A ringworld is a perfect example of a megastructure in science fiction; informally, a artificial construct exceeding a hundred kilometers in at least one dimension. Megastructures are not completely science fiction — at least two already exist on early 21st century Earth — the Great Wall of China, at 3,947 mi (6,352 km) long, and the Rice Terraces of the Philippine Cordilleras, a 10,360 square kilometer (4,000 square miles) agricultural complex. In science fiction, the word often refers to something suspended in outer space.

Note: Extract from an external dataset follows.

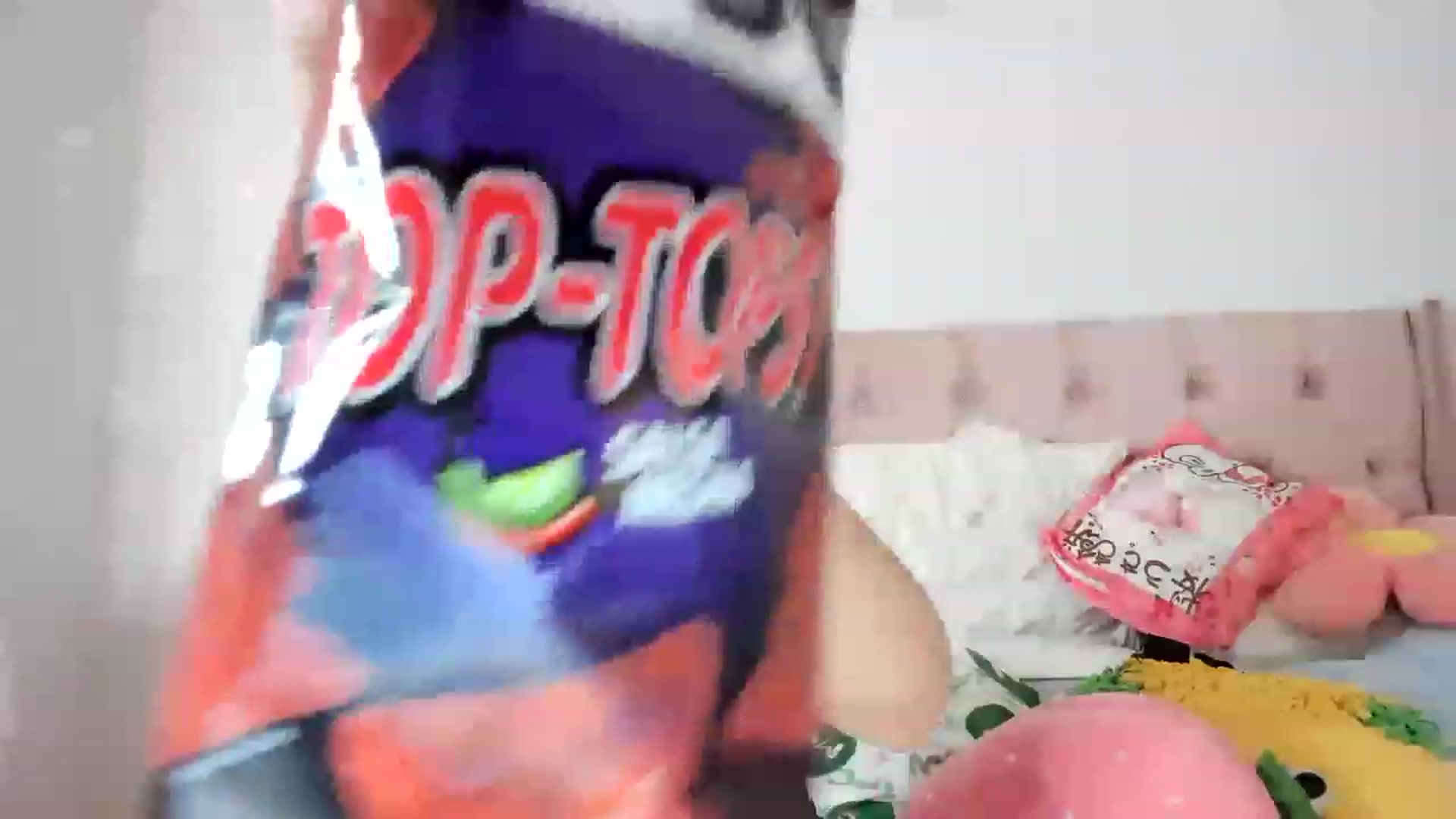 Gallery image thumbnail from Cherrycute666's myfreecams stream on, 12/02/2022, 11:41 image 16 of 20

Running the physics numbers on the ringworld structure has long been an interest of science fiction geeks and extreme engineering enthusiasts. In the novel, it is stated that 20 Jupiter masses of energy has to be consumed just to get the ring spinning fast enough to simulate 1 g of gravity through centrifugal force. Calculations by physicists found this is about right. In order to prevent the ring from flying apart due to centrifugal force, a foundation material with a tensile strength about equal to the atomic nucleus would be necessary. In the novel, this material is called scrith. The only known material with a tensile stretch equal to scrith is the neutronium that makes up neutron stars. If neutronium could somehow be formed into a ring, it would still be likely to collapse until its own gravity.

Larry Niven said his ringworld was an intermediary step between a planet and a Dyson sphere; an artificial sphere completely enclosing a star. Building one might take hundreds of thousands of years, if it could be constructed at all.

Most people who discuss the ringworld object consider it a fascinating thought experiment and an interesting science fiction plot devices. Scaled-down ringworlds are featured in the computer game series Halo.